Par ailleurs, des accords parallèles se peaufinent afin de trouver  un modus vivendi  entre les différentes forces en présence et éviter de ce fait que le démon de division qui tourne depuis peu  autour du conseil communal ne l’infecte et ne sonne son glas.

 

Les activités au ralenti

Le hic dans cette affaire est que cette longue attente pénalise les populations d’Abomey-Calavi ; surtout lorsqu’on sait que Placide Azandé fut un pion essentiel dans l’organe exécutif de cette commune.  Ce qui est aussi paradoxal, c’est que tous les autres conseils communaux qui ont connu de bouleversements suite aux nominations et promotions survenues au lendemain de la présidentielle et des législatives de 2011, se sont déjà mis aux pas. Les communes de Banikoara, d’Abomey, d’Allada ont déjà procédé au remplacement de leur maire devenu ministres ou député.  Il ne reste que la commune d’Abomey-Calavi qui traîne le pas ; tout comme les recours relatifs aux contentieux électoraux  déférés devant la Cour suprême depuis 2008 et restés sans suite.

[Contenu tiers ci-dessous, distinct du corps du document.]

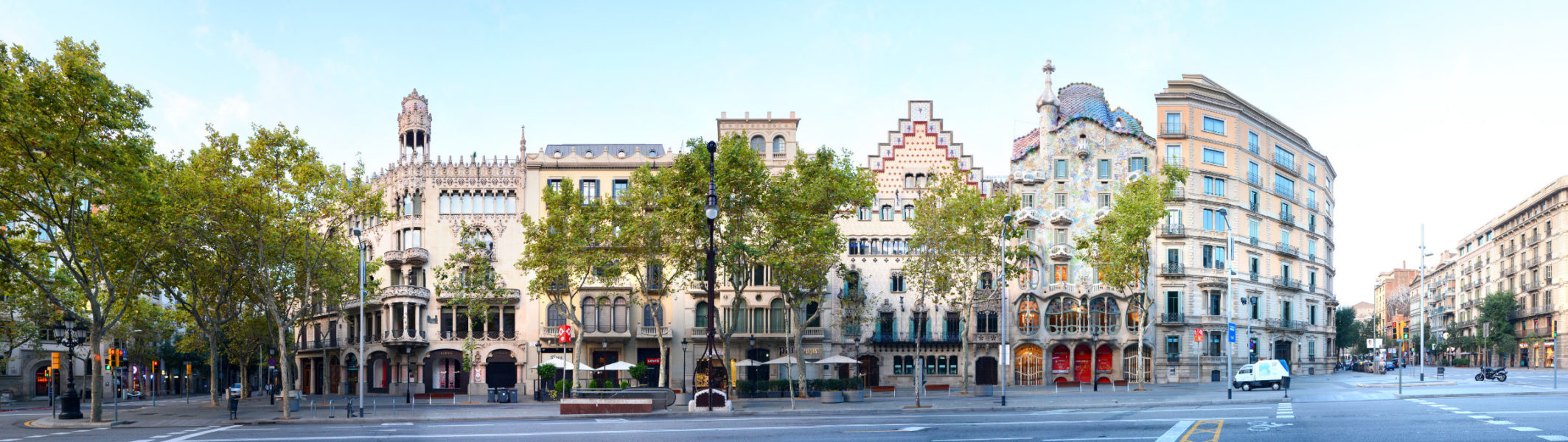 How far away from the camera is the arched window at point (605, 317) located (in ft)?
200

Le Préfet Placide Azandé, dans son manteau d’autorité de tutelle,  est invité à corriger au plus tôt cette image de commune qui fait tout à contretemps collée à tort ou à raison à la commune qui l’a vu naître. Ce n’est qu’à ce prix qu’il aurait marqué d’une empreinte indélébile son passage à la tête de la Préfecture de l’Atlantique et du Littoral.